On a fair reading of the Inspector’s report and the Secretary of State’s decision letter, all that the allowance of a period of 18 months for compliance with the enforcement notice was intended to achieve was the allowance of a reasonable period for “alternative accommodation and site provision arrangements to be progressed” (para. 258); that is to say, it was a period of grace to give the occupants a reasonable opportunity to make alternative arrangements, including by engaging with the Council by, e.g., suggesting alternative viable sites (something which they had failed to do up to that point: see para. 235; also see para. 251, where the Inspector said that if temporary planning permission were to be granted it should be for the shortest possible period, having regard to, among other things, “the expectation that the occupiers will be involved in the process of finding alternative accommodation”). In that regard the additional time allowed for compliance with the enforcement notice was to operate rather like a reasonable period of notice under a lease, which provides the tenant with a reasonable period to make alternative arrangements before being evicted but no guarantee that such arrangements will have been put in place before he has to leave the property. The 18 month period would also avoid the immediate adverse consequences for the occupants if they had to leave without having a reasonable opportunity, on fair notice, to make suitable arrangements: hence the Inspector’s reference at para. 259 to avoiding “the adverse consequences of short-term displacement.” Contrary to the contention of Mr Cottle, in the context of the Report as a whole this plainly did not mean that the Inspector thought they could only be removed once an appropriate alternative site had been found. I return to the significance of this in the discussion below.
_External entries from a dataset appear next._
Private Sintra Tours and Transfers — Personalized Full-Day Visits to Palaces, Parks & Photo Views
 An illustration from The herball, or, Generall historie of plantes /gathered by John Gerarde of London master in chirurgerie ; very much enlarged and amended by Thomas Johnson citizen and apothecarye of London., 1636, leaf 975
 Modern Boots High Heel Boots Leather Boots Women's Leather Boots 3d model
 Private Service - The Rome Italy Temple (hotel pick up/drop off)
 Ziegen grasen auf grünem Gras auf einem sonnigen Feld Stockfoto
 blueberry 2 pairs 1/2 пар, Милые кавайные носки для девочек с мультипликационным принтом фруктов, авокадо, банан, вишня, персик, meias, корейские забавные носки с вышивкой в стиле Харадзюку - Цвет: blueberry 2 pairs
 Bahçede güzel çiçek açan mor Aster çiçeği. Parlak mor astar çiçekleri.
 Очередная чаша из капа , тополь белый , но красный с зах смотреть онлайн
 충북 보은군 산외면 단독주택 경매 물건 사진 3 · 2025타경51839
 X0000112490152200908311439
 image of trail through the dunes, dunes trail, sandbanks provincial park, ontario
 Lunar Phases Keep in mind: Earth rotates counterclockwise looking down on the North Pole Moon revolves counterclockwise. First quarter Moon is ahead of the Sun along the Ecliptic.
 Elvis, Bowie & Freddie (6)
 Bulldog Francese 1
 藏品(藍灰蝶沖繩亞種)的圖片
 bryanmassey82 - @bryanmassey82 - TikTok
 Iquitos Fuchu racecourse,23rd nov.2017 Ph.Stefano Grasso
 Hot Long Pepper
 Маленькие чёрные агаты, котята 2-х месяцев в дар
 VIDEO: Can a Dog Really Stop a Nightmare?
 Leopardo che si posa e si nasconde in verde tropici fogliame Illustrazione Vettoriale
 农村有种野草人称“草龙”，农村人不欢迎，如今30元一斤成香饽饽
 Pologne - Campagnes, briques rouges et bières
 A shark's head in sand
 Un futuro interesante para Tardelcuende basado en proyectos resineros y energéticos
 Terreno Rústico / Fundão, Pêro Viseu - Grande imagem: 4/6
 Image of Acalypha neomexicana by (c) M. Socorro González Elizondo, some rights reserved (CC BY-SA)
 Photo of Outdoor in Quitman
The 18 month period of grace allowed by the Secretary of State for compliance with the enforcement notice expired on 11 February 2013. By that time, no new sites for gypsy caravan emplacements had been identified. The appellant and other occupants did not move out and clear the land as they were required to do. From that time, they have again been in acute breach of planning controls and their continued occupation of the land has been in violation of the criminal law, as Mr Cottle accepts.
The Council resolved in February 2013 to use its enforcement powers under section 178 to clear the land, and gave notice of this to the occupants. The appellant and another occupant commenced judicial review proceedings. The judge was critical of the decision taken in February 2013, since it did not take all relevant considerations into account: see [14]. But it was superseded by a later decision of the Council taken by its Cabinet Prioritisation Sub-Committee on 10 April 2013 at which it was again resolved that the land should be cleared using the Council’s powers under section 178, and this is the operative decision which became the appellant’s target in the judicial review and was the focus for the judgment below.
The Sub-Committee’s consideration of the question of the use of section 178 was on the basis of reports from officers. These drew attention to the position of the children and the elderly relative living in the caravans and explained that provision would be made by the children’s services and social care departments to assist in coping with their needs should an eviction proceed (it deserves emphasis that their needs had also, of course, been considered carefully by the Inspector in his Report and in making his recommendations and by the Secretary of State in his decision letter, in a manner which the appellant has not sought to challenge). The reasons for the Sub-Committee’s decision are summarised in the minute of its meeting:
“The Head of Planning and Property Services stated that he believed the council position to be proportionate in relation to enforcement. However he recognised that the overall position of the council in relation to the provision of Traveller sites across the borough left a lot to be desired. A number of potential pitches had been identified in Datchet, but these were subject to the planning process which had yet to commence. The council’s policy was in accordance with the national policy but as yet no deliverable sites were available.
The Lead Member for Planning and Property stated that he was now more confident than when he took over the portfolio that the council would be able to fulfil the intentions of its policy. Significant progress had been made in terms of consultation on the potential sites in Datchet but it was decided that there was no certainty that applications would materialise or be suitable for those occupants on site. It was confirmed that there are no current pitches to accommodate those on site and it would not be proportionate to defer a decision to a later time.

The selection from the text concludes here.